Anote-se  que em 2006, saiu a primeira tradução   realizada directamente do latim da Utopia, por iniciativa de José Vitorino de Pina Martins. que prefacia a notável tradução do prof. Aires Augusto Nascimento, publicada  pela Fundação Calouste Gulbenkian, hoje já numa significativa terceira impressão bem merecida...

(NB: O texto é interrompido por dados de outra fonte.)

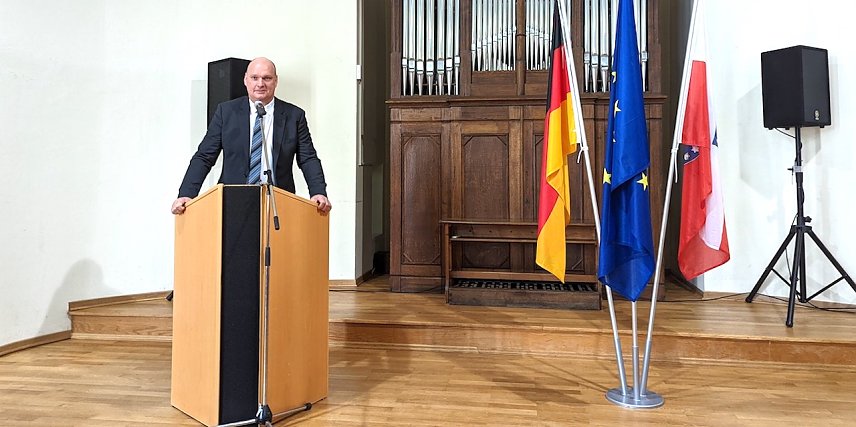 Bild: B&uuml;rgermeister Steffen Grimm er&ouml;ffnete den Festakt zum Tag der Deutschen Einheit im Carl-Schroeder-Saal.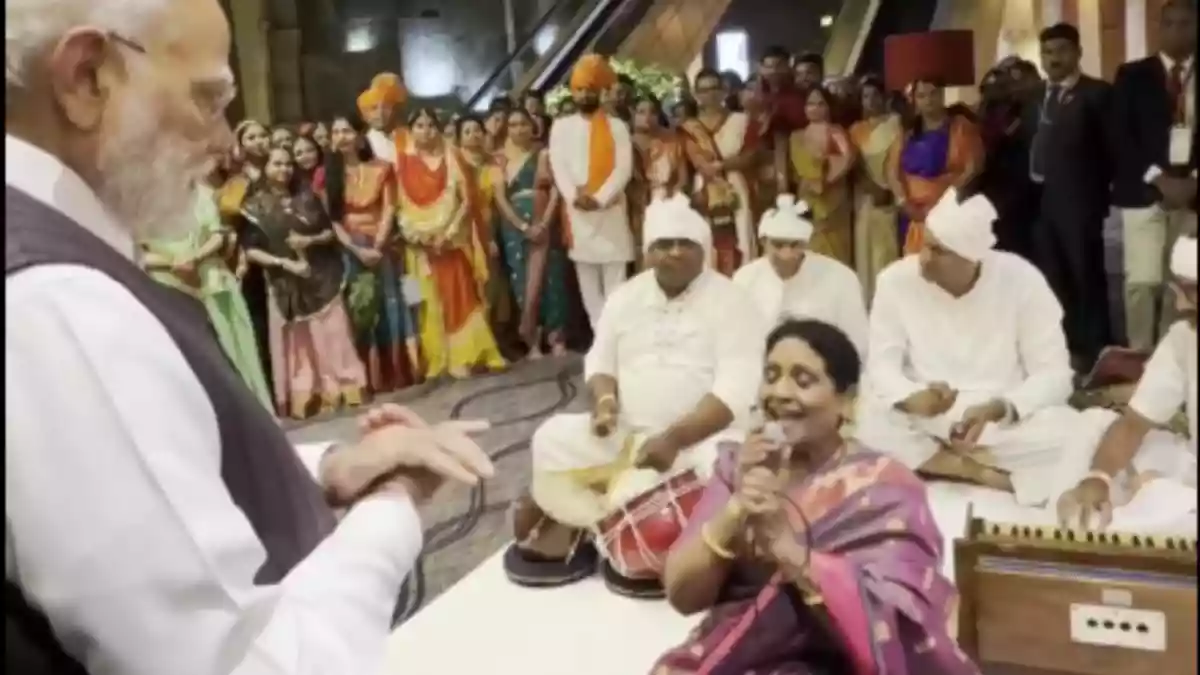 Prime Minister Narendra Modi on Friday applauded the performance of the South African Girmitiya song ‘Ganga Maiya', which was performed upon his arrival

John Fischer (1469-1535), bispo de Rochester, que fora o protector de Erasmo durante a sua estadia de dois anos (1512-1513) em Cambdrige, pois era Chanceler da Universidade, decapitado também uns dias  antes, em 22-VI (pouco depois de ter sido elevado a cardeal, por raiva do rei), John Colet (1467-1519), da catedral de S. Paulo em Londres e Thomas More representam o humanismo mais puro de Inglaterra, nunca mais atingido. 

E se entre nós na época quinhentista João de Barros o elogiou, serão já no séc. XX José V. de Pina Martins e Fernando de Melo Moser os que mais amaram, trabalharam e divulgaram em exposições e conferências Thomas More, tendo publicado várias obras  que apelam à  leitura e aprofundamento, tanto mais que as opressões à liberdade do pensamento, da informação e da consciência são cada vez mais insidiosas e manipuladoras. 

Que o exemplo e as energias e bênçãos de todos estes humanistas nos inspirem, pois pelo campo unificado de energia consciência informação que nos une a todos, outrora chamado alma mundi ou ainda corpo místico da Igreja, todos estes seres estão bem despertos e luminosos nos mundos subtis e espirituais, dando-se mesmo o caso de Thomas More John Fisher terem sido beatificados em 1886 por Leão XIII e canonizados  como santos mártires  em  1935 pelo papa Pio IX. Anote-se, e diz-nos Mello Moser,  que «na década de vinte por ordem de Lenine, o nome de Tomás More foi inscrito no  obelisco da Liberdade na Praça Vermelha».  Finalmente, em 2000 o papa João Paulo II elegeu Thomas More como patrono celestial do governantes e advogados, seres que bem precisavam de se abrir ao seu génio e equidade corajosa.